■ What to work on:
Among the entries below, take the line with "Hoang My Villa" and the line with "money heist", and output them and every line between them exactly, with nothing else.

■ Records for this task:

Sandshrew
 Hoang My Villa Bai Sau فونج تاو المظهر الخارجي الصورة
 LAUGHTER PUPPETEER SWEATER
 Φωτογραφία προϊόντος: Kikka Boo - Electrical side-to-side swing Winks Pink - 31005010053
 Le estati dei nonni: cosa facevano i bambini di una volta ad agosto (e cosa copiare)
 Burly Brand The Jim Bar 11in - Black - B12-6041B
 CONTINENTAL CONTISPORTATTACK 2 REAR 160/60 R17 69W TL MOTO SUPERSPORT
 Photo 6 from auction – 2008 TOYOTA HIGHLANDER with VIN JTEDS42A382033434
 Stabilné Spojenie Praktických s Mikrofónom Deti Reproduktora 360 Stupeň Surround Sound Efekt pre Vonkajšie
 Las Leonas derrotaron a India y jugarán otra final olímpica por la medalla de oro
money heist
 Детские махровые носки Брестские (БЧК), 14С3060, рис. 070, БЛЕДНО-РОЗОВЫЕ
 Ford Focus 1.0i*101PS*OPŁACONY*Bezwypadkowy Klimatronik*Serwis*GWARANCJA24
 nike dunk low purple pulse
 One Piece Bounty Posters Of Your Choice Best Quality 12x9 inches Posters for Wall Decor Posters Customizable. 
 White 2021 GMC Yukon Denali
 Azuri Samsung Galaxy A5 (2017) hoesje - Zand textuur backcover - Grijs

■ The completed task:
 Hoang My Villa Bai Sau فونج تاو المظهر الخارجي الصورة
 LAUGHTER PUPPETEER SWEATER
 Φωτογραφία προϊόντος: Kikka Boo - Electrical side-to-side swing Winks Pink - 31005010053
 Le estati dei nonni: cosa facevano i bambini di una volta ad agosto (e cosa copiare)
 Burly Brand The Jim Bar 11in - Black - B12-6041B
 CONTINENTAL CONTISPORTATTACK 2 REAR 160/60 R17 69W TL MOTO SUPERSPORT
 Photo 6 from auction – 2008 TOYOTA HIGHLANDER with VIN JTEDS42A382033434
 Stabilné Spojenie Praktických s Mikrofónom Deti Reproduktora 360 Stupeň Surround Sound Efekt pre Vonkajšie
 Las Leonas derrotaron a India y jugarán otra final olímpica por la medalla de oro
money heist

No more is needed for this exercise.